• [THE TASK]:
The line containing "Apolosign 15.6-In. Dual-Mode" marks where to begin. Write out that line and every line after it exactly, through the last line below.

• [ENTRIES SUPPLIED]:
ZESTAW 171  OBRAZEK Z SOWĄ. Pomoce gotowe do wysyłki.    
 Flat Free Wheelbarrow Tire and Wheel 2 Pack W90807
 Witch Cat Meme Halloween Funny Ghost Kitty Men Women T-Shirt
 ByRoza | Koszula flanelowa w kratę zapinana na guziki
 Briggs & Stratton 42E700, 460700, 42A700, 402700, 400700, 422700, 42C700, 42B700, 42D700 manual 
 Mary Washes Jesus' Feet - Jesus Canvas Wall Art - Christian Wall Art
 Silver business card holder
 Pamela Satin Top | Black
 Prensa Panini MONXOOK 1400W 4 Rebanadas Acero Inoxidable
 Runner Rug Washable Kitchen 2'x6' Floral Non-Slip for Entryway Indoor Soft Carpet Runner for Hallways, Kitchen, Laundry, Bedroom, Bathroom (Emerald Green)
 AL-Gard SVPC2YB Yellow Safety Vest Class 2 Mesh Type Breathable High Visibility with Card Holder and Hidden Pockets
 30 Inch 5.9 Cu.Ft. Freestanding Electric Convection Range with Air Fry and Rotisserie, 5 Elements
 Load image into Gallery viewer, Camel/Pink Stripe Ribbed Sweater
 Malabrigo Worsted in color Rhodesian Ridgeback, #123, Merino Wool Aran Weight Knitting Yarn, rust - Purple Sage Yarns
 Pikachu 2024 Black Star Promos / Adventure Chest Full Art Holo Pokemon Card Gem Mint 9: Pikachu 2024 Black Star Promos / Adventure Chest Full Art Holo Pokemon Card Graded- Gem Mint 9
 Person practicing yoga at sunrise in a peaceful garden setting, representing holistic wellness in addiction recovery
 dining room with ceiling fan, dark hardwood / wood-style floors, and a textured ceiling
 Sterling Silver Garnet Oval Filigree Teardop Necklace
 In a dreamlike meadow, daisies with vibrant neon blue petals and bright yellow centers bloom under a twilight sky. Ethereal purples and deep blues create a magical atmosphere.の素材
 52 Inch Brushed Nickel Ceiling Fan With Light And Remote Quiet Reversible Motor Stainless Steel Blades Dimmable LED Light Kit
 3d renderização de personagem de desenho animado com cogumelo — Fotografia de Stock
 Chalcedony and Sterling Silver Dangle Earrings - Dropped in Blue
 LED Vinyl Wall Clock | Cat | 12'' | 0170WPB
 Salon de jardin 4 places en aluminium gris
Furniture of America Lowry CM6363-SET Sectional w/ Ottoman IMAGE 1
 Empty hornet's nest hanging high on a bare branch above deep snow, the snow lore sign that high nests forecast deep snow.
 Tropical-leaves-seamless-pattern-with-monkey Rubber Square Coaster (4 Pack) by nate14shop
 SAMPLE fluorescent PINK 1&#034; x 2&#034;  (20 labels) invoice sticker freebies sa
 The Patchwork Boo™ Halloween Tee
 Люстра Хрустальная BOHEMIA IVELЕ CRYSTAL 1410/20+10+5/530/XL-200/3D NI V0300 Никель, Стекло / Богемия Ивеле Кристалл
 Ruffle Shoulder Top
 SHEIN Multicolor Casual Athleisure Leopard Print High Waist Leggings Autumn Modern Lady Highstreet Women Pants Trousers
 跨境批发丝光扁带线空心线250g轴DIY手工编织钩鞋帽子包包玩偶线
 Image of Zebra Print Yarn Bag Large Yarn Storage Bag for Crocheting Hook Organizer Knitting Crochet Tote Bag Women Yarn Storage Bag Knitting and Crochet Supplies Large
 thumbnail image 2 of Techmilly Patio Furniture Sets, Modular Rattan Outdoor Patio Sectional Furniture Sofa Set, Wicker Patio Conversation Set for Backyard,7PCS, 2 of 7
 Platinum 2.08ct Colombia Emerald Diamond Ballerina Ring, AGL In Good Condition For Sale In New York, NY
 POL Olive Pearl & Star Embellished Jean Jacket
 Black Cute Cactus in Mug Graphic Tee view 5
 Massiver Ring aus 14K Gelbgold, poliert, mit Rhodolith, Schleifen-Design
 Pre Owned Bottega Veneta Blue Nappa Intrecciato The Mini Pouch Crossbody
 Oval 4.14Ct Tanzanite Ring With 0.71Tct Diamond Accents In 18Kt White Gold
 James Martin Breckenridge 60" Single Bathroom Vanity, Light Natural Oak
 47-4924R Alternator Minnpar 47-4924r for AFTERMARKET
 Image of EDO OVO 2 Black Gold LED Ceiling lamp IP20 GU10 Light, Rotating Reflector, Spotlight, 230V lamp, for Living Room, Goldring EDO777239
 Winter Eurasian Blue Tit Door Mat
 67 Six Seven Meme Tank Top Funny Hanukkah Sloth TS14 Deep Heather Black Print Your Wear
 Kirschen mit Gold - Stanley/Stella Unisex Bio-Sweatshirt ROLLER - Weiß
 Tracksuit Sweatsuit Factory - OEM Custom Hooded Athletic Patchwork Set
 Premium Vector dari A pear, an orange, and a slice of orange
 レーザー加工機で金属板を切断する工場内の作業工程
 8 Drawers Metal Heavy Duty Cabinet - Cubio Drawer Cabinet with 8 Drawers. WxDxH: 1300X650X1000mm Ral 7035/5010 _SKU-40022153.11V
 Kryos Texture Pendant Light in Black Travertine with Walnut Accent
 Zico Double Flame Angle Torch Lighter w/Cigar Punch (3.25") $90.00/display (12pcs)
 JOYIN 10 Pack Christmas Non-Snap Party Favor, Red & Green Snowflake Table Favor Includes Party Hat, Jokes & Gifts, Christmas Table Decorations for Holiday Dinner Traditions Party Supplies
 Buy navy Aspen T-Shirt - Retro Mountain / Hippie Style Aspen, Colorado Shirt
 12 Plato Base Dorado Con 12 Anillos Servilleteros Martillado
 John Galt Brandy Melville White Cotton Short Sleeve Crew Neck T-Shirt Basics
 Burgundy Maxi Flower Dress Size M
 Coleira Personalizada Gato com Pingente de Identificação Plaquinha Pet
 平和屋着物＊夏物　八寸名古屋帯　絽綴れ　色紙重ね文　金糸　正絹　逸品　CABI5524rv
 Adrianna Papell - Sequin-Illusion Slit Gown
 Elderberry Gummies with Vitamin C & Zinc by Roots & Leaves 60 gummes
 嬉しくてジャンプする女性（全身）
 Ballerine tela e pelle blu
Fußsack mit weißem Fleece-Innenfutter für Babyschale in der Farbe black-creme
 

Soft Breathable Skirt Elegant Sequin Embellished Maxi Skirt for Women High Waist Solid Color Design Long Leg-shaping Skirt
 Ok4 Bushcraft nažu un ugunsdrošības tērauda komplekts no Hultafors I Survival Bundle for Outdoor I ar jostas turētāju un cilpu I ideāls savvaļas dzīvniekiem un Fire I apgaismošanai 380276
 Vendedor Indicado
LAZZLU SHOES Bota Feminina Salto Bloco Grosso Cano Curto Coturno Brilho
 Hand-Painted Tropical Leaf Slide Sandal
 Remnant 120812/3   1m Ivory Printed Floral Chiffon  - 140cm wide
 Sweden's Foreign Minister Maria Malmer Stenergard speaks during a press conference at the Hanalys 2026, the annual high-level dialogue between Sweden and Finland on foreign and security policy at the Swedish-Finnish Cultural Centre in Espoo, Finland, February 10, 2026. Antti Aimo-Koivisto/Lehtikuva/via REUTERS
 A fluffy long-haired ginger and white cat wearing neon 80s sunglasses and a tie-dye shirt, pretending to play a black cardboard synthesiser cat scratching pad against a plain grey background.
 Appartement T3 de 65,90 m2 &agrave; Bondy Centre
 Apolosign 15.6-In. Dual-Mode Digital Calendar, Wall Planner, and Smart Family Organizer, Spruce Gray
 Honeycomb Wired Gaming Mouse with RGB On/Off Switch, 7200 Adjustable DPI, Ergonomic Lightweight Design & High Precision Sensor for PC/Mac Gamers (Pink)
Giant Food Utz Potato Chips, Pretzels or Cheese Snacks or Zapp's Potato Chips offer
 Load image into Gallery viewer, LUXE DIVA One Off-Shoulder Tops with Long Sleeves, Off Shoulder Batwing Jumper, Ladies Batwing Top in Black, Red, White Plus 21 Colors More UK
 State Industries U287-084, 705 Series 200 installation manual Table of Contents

• [WRITTEN RESPONSE]:
 Apolosign 15.6-In. Dual-Mode Digital Calendar, Wall Planner, and Smart Family Organizer, Spruce Gray
 Honeycomb Wired Gaming Mouse with RGB On/Off Switch, 7200 Adjustable DPI, Ergonomic Lightweight Design & High Precision Sensor for PC/Mac Gamers (Pink)
Giant Food Utz Potato Chips, Pretzels or Cheese Snacks or Zapp's Potato Chips offer
 Load image into Gallery viewer, LUXE DIVA One Off-Shoulder Tops with Long Sleeves, Off Shoulder Batwing Jumper, Ladies Batwing Top in Black, Red, White Plus 21 Colors More UK
 State Industries U287-084, 705 Series 200 installation manual Table of Contents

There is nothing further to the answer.